NVIDIA CUDA NVRTC
The `nvidia-cuda-nvrtc` package provides the NVRTC (NVIDIA CUDA Runtime Compilation) native shared libraries. These libraries allow applications to compile CUDA C++ source code into PTX or cubin at runtime. It is a dependency for other Python libraries (e.g., PyTorch, JAX, TensorFlow, Numba) and C++/CUDA applications that need NVRTC functionality, ensuring that a compatible version of the NVRTC library is available. As of version 13.2.51, it aligns with CUDA Toolkit 13.2 and is actively maintained as part of NVIDIA's CUDA Python ecosystem, with releases typically coinciding with CUDA Toolkit updates.
Warnings
- gotcha No direct Python API is exposed by this package. Unlike typical Python libraries, `nvidia-cuda-nvrtc` does not provide Python symbols or classes for direct interaction with NVRTC functions. Its sole purpose is to provide the underlying native shared libraries (`libnvrtc.so` on Linux, `nvrtc64_*.dll` on Windows) which other Python frameworks (like PyTorch, JAX, or Numba) or C/C++ applications will then load and use.

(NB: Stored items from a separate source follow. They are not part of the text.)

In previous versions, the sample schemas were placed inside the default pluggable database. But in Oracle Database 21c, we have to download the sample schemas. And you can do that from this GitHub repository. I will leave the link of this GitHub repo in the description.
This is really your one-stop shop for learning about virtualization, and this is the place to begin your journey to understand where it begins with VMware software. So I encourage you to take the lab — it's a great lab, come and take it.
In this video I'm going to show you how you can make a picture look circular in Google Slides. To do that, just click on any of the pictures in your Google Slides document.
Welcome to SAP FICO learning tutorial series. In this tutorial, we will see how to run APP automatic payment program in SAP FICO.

- gotcha Requires a compatible NVIDIA GPU driver and CUDA Toolkit. While `nvidia-cuda-nvrtc` provides the NVRTC library, it does not install the full CUDA Toolkit or a GPU driver. For actual GPU computation or full CUDA functionality, your system must have a compatible NVIDIA GPU, an installed NVIDIA driver, and potentially a full CUDA Toolkit if you are compiling custom CUDA code or using other CUDA features.

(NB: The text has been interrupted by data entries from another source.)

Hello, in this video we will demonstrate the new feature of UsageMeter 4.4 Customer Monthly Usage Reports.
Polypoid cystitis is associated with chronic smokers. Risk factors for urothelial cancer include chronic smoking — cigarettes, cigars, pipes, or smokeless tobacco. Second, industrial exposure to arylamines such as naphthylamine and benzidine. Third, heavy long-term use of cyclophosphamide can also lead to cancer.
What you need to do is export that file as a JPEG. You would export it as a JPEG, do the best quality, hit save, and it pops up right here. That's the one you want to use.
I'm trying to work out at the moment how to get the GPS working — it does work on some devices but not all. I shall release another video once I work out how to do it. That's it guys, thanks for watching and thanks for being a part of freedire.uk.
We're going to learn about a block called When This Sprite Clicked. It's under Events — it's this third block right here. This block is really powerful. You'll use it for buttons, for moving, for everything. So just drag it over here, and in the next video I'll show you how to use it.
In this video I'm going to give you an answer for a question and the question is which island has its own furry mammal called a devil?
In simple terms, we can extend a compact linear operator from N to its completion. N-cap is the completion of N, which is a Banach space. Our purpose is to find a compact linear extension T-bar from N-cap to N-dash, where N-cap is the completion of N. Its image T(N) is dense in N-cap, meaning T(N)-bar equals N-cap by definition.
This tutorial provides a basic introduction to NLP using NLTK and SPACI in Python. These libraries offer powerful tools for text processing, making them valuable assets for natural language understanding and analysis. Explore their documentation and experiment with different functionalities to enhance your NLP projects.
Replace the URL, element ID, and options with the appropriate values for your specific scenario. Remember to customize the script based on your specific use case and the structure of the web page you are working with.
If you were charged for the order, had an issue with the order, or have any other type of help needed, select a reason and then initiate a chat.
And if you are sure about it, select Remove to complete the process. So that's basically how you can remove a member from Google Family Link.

- gotcha Version alignment with CUDA Toolkit is critical. The version of `nvidia-cuda-nvrtc` (e.g., 13.2.x) directly corresponds to a specific CUDA Toolkit version (e.g., CUDA 13.2). Mismatches between the `nvidia-cuda-*` packages, system CUDA installations, or the CUDA versions expected by dependent libraries can lead to runtime errors, linker issues, or unexpected behavior.

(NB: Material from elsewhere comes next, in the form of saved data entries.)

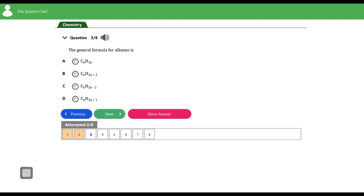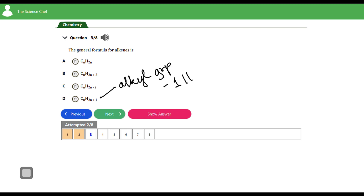Question three: the general formula for alkenes. We already answered this in question one. The general formula for alkenes is CₙH₂ₙ where n starts from two. The answer is (a). For the other options: CₙH₂ₙ₊₂ is the alkanes, CₙH₂ₙ₋₂ is the alkynes, and CₙH₂ₙ₊₁ is not a homologous series but the general formula of the alkyl group, which has one hydrogen atom less than the corresponding alkane.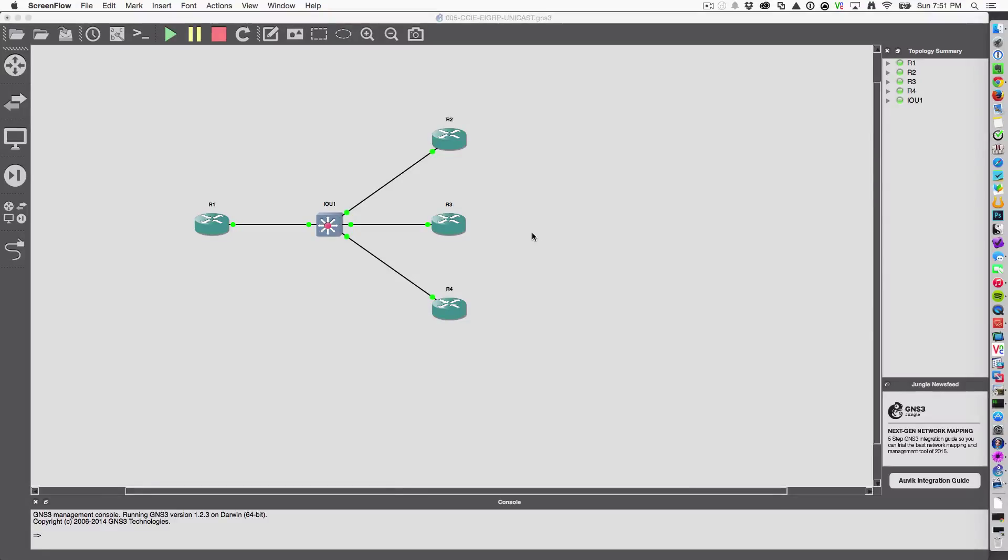In this video, we're going to cover the difference between EIGRP running multicast and EIGRP running unicast.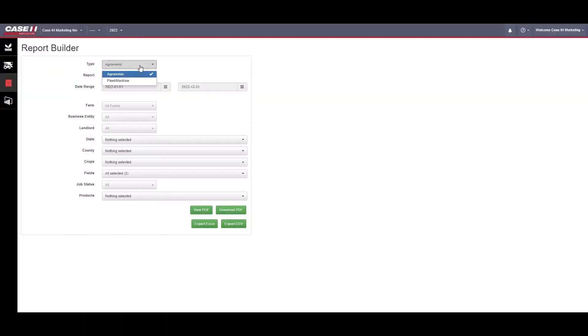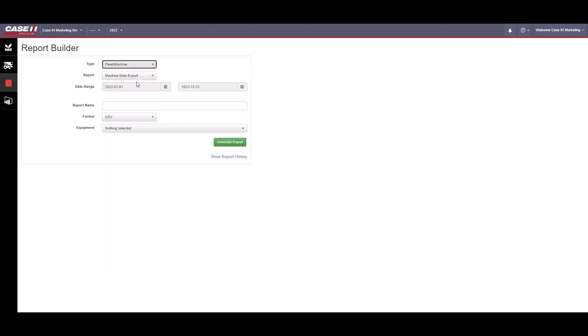In the top drop-down for Type, select Fleet and Machine. Choose a date range.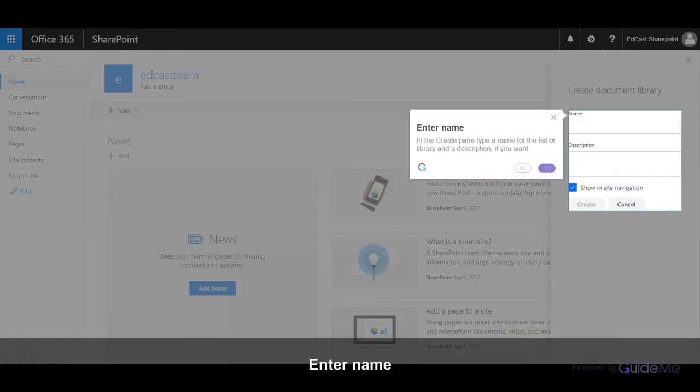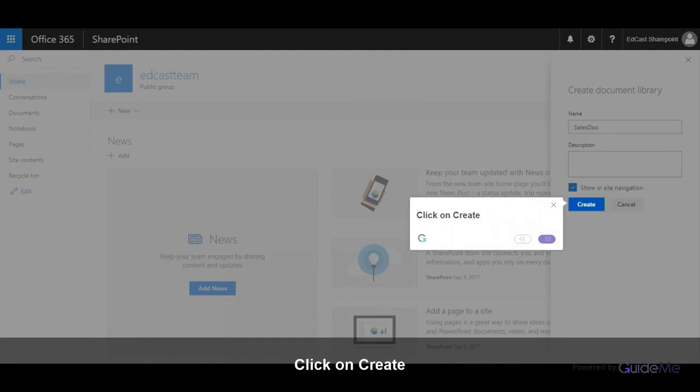Enter a name. In the Create pane, type a name for the list or library and a description if you want. Click on Create.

- gotcha Implicit usage by dependent frameworks. Unlike many Python packages where you explicitly `import` and call functions, `nvidia-cuda-nvrtc` is typically consumed implicitly by higher-level machine learning frameworks or GPU computing libraries. You might not see direct references to it in your code, but its absence or incompatibility can cause failures in these frameworks.
Install
-
pip install nvidia-cuda-nvrtc
Quickstart
print("The nvidia-cuda-nvrtc package has been installed.")
print("It provides native shared libraries for runtime CUDA compilation.")
print("Other libraries (e.g., PyTorch, JAX) will automatically use these libraries if compatible.")
# No direct Python API calls are available from this package itself.